We decided to go ahead and distribute orders automatically. But they immediately faced with the fact that we do not know which wipers will work and when.

Got them a schedule. But, as it turned out, the wipers, in principle, do not comply with it. And to force them is contrary to our foundations.

Once again, ML. We made a similar model, but predicting the likelihood of us to go to work. Now we have two models spinning, every day we have current info about orders and clinkers and we can distribute them.

Algorithm

We are looking for orders that need to be distributed, we clean out the “bad” ones with the help of the obtained estimate of the probability of cancellation.
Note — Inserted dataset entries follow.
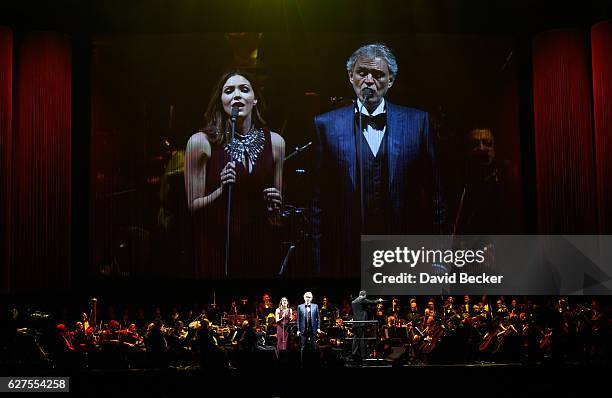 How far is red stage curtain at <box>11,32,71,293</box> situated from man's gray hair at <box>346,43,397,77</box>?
6116mm

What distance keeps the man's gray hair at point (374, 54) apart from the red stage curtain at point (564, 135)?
3.18 metres

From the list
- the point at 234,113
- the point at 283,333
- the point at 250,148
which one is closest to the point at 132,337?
the point at 283,333

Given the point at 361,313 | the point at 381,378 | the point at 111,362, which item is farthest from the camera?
the point at 361,313

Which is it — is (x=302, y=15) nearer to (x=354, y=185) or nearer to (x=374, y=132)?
(x=374, y=132)

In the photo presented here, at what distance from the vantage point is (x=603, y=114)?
51.6ft

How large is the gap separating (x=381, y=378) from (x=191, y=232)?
7.52m

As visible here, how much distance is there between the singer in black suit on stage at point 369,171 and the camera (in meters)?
16.3

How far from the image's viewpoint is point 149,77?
53.6 ft

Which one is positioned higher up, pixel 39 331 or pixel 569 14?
pixel 569 14

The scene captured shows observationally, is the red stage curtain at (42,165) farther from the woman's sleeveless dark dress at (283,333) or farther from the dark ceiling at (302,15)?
the woman's sleeveless dark dress at (283,333)

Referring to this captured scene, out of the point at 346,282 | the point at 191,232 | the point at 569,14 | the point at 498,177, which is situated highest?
the point at 569,14

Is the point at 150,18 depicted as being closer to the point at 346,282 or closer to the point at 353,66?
the point at 353,66

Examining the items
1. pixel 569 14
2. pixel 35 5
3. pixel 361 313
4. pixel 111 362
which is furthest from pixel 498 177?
pixel 35 5

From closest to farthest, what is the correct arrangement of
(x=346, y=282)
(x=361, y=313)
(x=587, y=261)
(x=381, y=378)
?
(x=381, y=378), (x=361, y=313), (x=587, y=261), (x=346, y=282) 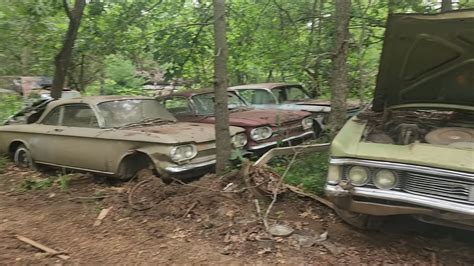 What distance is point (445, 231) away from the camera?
14.0 ft

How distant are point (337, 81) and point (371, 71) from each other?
5827 millimetres

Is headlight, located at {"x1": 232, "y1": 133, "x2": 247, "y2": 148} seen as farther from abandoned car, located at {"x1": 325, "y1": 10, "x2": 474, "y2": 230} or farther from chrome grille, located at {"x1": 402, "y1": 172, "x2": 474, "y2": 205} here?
chrome grille, located at {"x1": 402, "y1": 172, "x2": 474, "y2": 205}

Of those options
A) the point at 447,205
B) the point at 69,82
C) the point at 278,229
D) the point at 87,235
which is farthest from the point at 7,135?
the point at 69,82

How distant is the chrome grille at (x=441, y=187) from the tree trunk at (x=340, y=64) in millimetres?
2938

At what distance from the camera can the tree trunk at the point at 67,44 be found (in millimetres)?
9641

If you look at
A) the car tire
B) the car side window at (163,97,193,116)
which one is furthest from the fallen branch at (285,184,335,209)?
the car tire

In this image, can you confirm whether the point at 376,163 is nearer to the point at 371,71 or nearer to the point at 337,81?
the point at 337,81

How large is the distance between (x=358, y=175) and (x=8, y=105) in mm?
13237

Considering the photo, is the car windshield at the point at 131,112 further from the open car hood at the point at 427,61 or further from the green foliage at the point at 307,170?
the open car hood at the point at 427,61

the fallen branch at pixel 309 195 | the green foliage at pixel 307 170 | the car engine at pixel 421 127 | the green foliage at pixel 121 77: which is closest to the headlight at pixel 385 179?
the car engine at pixel 421 127

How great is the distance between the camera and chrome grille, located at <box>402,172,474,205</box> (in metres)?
3.18

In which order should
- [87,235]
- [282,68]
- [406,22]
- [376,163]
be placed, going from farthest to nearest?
[282,68] < [87,235] < [406,22] < [376,163]

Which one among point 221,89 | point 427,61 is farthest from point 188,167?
point 427,61

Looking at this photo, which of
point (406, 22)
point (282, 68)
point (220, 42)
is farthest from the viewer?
point (282, 68) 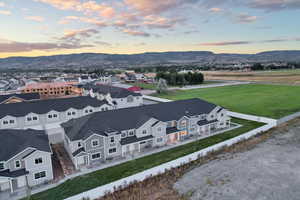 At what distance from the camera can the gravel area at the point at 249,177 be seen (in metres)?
14.5

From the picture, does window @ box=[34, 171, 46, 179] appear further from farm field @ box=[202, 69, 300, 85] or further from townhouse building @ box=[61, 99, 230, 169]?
farm field @ box=[202, 69, 300, 85]

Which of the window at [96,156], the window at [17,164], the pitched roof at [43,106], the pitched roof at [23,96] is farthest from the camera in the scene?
the pitched roof at [23,96]

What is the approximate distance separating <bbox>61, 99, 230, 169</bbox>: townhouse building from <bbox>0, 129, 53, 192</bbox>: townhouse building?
10.1ft

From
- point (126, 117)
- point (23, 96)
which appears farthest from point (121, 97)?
point (23, 96)

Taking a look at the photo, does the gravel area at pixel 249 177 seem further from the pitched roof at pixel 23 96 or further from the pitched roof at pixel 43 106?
the pitched roof at pixel 23 96

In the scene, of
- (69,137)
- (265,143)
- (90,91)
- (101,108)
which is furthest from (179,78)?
(69,137)

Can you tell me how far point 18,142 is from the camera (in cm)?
1809

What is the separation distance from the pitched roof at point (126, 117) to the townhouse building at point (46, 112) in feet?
24.6

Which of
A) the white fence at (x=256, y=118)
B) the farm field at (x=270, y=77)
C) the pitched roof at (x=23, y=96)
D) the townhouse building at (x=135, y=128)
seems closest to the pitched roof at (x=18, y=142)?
the townhouse building at (x=135, y=128)

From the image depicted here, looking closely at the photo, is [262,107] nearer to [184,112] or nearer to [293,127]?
[293,127]

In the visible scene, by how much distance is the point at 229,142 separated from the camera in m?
24.0

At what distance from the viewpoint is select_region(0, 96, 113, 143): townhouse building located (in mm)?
31359

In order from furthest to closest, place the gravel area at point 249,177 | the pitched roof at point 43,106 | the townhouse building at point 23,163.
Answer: the pitched roof at point 43,106, the townhouse building at point 23,163, the gravel area at point 249,177

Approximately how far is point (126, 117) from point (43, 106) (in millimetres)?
19636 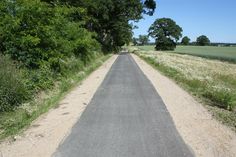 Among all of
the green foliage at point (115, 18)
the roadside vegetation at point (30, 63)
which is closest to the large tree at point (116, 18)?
the green foliage at point (115, 18)

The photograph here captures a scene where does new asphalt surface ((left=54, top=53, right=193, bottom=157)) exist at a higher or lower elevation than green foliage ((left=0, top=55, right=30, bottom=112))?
lower

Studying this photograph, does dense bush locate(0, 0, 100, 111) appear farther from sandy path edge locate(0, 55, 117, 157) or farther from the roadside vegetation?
sandy path edge locate(0, 55, 117, 157)

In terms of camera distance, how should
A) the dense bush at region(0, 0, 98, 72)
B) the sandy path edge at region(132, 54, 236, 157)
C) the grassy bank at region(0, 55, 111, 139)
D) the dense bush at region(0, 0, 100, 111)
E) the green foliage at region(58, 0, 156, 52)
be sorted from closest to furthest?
1. the sandy path edge at region(132, 54, 236, 157)
2. the grassy bank at region(0, 55, 111, 139)
3. the dense bush at region(0, 0, 100, 111)
4. the dense bush at region(0, 0, 98, 72)
5. the green foliage at region(58, 0, 156, 52)

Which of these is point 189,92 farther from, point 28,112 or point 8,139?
point 8,139

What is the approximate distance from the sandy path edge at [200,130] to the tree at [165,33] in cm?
10379

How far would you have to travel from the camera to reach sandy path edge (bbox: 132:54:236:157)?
6.50m

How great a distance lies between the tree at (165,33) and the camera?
114m

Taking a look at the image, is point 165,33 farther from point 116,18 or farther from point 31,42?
point 31,42

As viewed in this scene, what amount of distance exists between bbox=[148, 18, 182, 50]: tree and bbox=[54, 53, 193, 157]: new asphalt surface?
104 m

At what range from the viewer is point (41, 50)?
47.0 ft

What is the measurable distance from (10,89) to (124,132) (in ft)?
13.6

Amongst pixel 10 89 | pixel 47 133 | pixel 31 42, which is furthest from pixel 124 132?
pixel 31 42

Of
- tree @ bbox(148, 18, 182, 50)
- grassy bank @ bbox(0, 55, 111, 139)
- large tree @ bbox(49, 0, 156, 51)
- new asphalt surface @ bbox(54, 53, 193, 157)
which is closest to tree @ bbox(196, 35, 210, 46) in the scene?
tree @ bbox(148, 18, 182, 50)

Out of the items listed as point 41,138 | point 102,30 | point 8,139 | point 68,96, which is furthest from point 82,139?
point 102,30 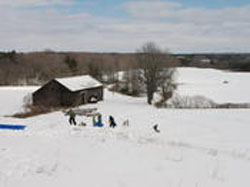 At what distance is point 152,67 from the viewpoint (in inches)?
1496

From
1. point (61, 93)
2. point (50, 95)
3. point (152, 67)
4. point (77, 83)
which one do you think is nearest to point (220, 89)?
point (152, 67)

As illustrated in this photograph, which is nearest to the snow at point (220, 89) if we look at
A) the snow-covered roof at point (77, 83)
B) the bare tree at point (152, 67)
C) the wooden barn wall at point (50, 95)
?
the bare tree at point (152, 67)

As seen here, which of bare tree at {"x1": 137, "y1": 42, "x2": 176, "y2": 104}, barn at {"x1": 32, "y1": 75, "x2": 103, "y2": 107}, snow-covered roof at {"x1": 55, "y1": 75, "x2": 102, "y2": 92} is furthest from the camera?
bare tree at {"x1": 137, "y1": 42, "x2": 176, "y2": 104}

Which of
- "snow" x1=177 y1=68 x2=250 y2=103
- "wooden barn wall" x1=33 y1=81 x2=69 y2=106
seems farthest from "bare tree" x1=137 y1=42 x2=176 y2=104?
"wooden barn wall" x1=33 y1=81 x2=69 y2=106

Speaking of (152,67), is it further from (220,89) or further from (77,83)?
(220,89)

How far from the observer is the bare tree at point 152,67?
38.0 m

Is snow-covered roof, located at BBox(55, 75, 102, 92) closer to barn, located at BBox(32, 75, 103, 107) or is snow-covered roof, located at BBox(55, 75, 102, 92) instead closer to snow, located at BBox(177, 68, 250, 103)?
barn, located at BBox(32, 75, 103, 107)

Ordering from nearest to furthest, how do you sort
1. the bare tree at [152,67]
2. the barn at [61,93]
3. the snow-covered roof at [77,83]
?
1. the barn at [61,93]
2. the snow-covered roof at [77,83]
3. the bare tree at [152,67]

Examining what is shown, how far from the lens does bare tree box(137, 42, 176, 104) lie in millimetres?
38031

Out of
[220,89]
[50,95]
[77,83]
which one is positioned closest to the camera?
[50,95]

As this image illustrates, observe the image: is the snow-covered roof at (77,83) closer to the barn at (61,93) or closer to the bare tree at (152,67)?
the barn at (61,93)

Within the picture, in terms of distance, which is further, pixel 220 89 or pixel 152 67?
pixel 220 89

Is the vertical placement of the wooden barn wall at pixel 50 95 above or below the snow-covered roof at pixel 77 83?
below

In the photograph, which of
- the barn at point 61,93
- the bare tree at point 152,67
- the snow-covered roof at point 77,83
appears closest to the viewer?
the barn at point 61,93
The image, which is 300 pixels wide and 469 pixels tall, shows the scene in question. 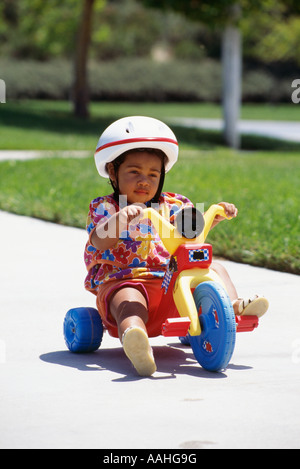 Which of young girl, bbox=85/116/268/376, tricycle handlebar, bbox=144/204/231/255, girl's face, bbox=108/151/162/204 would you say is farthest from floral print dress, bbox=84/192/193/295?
tricycle handlebar, bbox=144/204/231/255

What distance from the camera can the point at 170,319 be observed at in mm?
3932

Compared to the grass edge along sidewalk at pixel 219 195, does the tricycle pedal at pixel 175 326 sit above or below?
below

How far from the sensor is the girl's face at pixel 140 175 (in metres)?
4.24

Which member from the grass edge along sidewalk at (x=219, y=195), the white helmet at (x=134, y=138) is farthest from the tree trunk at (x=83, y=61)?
the white helmet at (x=134, y=138)

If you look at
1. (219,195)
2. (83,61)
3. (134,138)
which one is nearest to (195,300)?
(134,138)

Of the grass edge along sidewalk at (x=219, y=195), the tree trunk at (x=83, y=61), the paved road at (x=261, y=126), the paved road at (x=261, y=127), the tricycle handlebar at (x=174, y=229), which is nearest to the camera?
the tricycle handlebar at (x=174, y=229)

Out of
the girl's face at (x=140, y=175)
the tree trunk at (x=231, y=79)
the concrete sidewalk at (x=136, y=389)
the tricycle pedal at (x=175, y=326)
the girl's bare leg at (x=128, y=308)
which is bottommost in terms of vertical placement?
the concrete sidewalk at (x=136, y=389)

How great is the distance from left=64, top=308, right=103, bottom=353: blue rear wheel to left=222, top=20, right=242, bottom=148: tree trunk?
14.8m

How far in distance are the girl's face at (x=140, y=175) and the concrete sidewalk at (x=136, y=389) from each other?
2.49 feet

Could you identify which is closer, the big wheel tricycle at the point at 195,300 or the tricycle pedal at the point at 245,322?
the big wheel tricycle at the point at 195,300

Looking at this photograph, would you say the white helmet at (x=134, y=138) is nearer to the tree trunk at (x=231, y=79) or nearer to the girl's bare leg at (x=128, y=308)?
the girl's bare leg at (x=128, y=308)

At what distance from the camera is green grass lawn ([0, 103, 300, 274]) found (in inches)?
272

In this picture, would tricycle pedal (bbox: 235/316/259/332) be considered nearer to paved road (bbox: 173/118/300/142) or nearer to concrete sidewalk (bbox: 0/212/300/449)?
concrete sidewalk (bbox: 0/212/300/449) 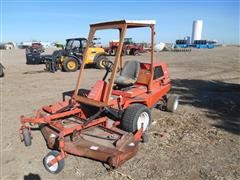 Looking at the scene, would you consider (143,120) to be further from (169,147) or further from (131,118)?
(169,147)

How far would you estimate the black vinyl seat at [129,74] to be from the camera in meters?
6.02

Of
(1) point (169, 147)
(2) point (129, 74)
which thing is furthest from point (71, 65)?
(1) point (169, 147)

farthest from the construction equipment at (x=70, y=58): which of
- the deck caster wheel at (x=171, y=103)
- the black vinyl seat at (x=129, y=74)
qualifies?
the deck caster wheel at (x=171, y=103)

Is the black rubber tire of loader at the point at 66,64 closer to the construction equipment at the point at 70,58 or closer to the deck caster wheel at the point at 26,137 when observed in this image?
the construction equipment at the point at 70,58

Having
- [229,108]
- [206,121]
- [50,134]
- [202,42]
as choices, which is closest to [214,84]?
[229,108]

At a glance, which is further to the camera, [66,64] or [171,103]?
[66,64]

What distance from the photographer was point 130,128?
4852mm

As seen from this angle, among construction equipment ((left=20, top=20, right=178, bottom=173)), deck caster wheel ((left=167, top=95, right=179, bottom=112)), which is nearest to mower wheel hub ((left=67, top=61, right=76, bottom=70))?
construction equipment ((left=20, top=20, right=178, bottom=173))

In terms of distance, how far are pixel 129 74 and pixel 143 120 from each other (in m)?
1.42

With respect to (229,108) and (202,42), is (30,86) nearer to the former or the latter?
(229,108)

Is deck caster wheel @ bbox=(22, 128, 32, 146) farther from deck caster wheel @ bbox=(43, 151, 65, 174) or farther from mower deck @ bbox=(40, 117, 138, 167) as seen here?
deck caster wheel @ bbox=(43, 151, 65, 174)

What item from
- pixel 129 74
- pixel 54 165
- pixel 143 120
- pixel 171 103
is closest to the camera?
pixel 54 165

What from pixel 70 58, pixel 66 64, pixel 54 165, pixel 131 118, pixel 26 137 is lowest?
pixel 54 165

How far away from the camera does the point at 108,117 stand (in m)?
5.22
We select then on each order of kliner. First, those that the client wants to see - the chosen ones - and assign them to the order. If all of them are busy, then we select other cleaners that the client already had, but simply were not evaluated at all. If they are busy, just look for the nearest free clinoer.

results

We expected a significant reduction in manual distribution and we managed to reduce it by half. We also thought that auto assignment would reduce the percentage of outstanding orders to us, but this did not happen, since the main contribution to the solution of this problem was made by the model for estimating the probability of canceling orders.

findings

Do not be afraid to use ML in your tasks - making a simple model is easy. It took us only a couple of days to work one model for writing models. But now we can use it in our business processes.

Ask questions in the comments, we will be happy to answer them.